BEND — The Bend Bulletin’s parent company filed for Chapter 11 bankruptcy protection Tuesday.
Western Communications owns seven newspapers across the Pacific Northwest, many in rural communities where no one else is delivering local news.
Court filings show the corporation owes about $2 million to private creditors, while recent reporting by OPB revealed the company owes nearly $1 million in back property taxes for its newspapers. Employees have experienced years of layoffs, late paychecks and furloughs.
Now, they’re bracing for another round of cuts.
A report by the Bulletin says its newspaper readers “will see changes in the coming weeks and months,” that will make the paper more economically stable.
Western Communications president John Costa did not immediately respond to emails for further comment about the bankruptcy. OPB interviewed him 11 days before the filing, and he gave no indications of an impending case.
“I can only assure people that we’re working as hard as we can and in good faith to make sure that that the Bulletin goes forward,” Costa told OPB at the time.
The company owns four other newspapers in Oregon: the Curry Coastal Pilot, the Redmond Spokesman, the La Grande Observer, and the Baker City Herald; plus two in California: the Del Norte Triplicate, and the Sonora Union Democrat.
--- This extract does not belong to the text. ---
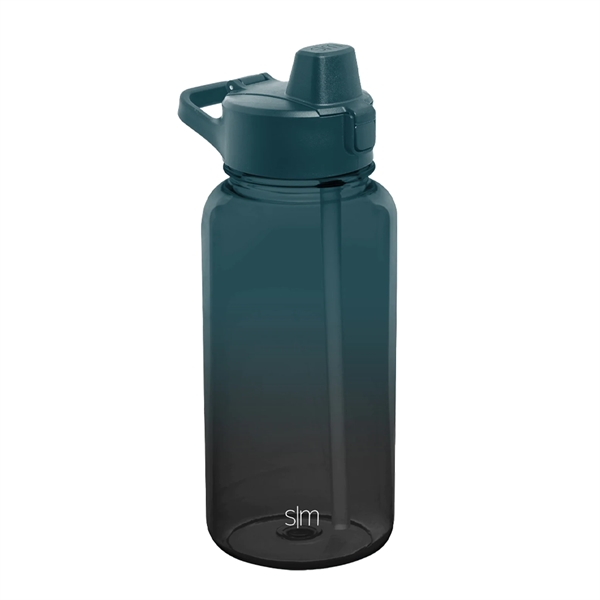 Simple Modern Plastic Summit Water Bottle 32oz Straw Lid - Simple Modern Plastic Summit Water Bottle 32oz Straw Lid - Image 5 of 10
Topping the company’s list of creditors is $946,000 owed to a newspaper cooperative that sells printing and distribution supplies. Western Communications’ top 20 unpaid debts range from that amount, down to $5,500 for a syndication service. Also on the list of unsecured claims: $59,000 for a Bend fireworks show.
Court filings show the company seeks $1.6 million in cash collateral to keep the newspapers running without harming the company’s value. A hearing is set for Jan. 24. The company paid its attorney a $100,000 retainer Jan. 14.
In a statement published Tuesday, Western Communications Chairwoman Betsy McCool wrote of the bankruptcy filing: “This is the only way we can preserve our creditors’ investments and our owners’ interests in valuable community assets.”
This is the second time in the past decade the company has filed for bankruptcy protection. It last emerged from Chapter 11 proceedings in 2012. Under Chapter 11, the company will argue its finances can be reorganized to be profitable again, despite the present situation.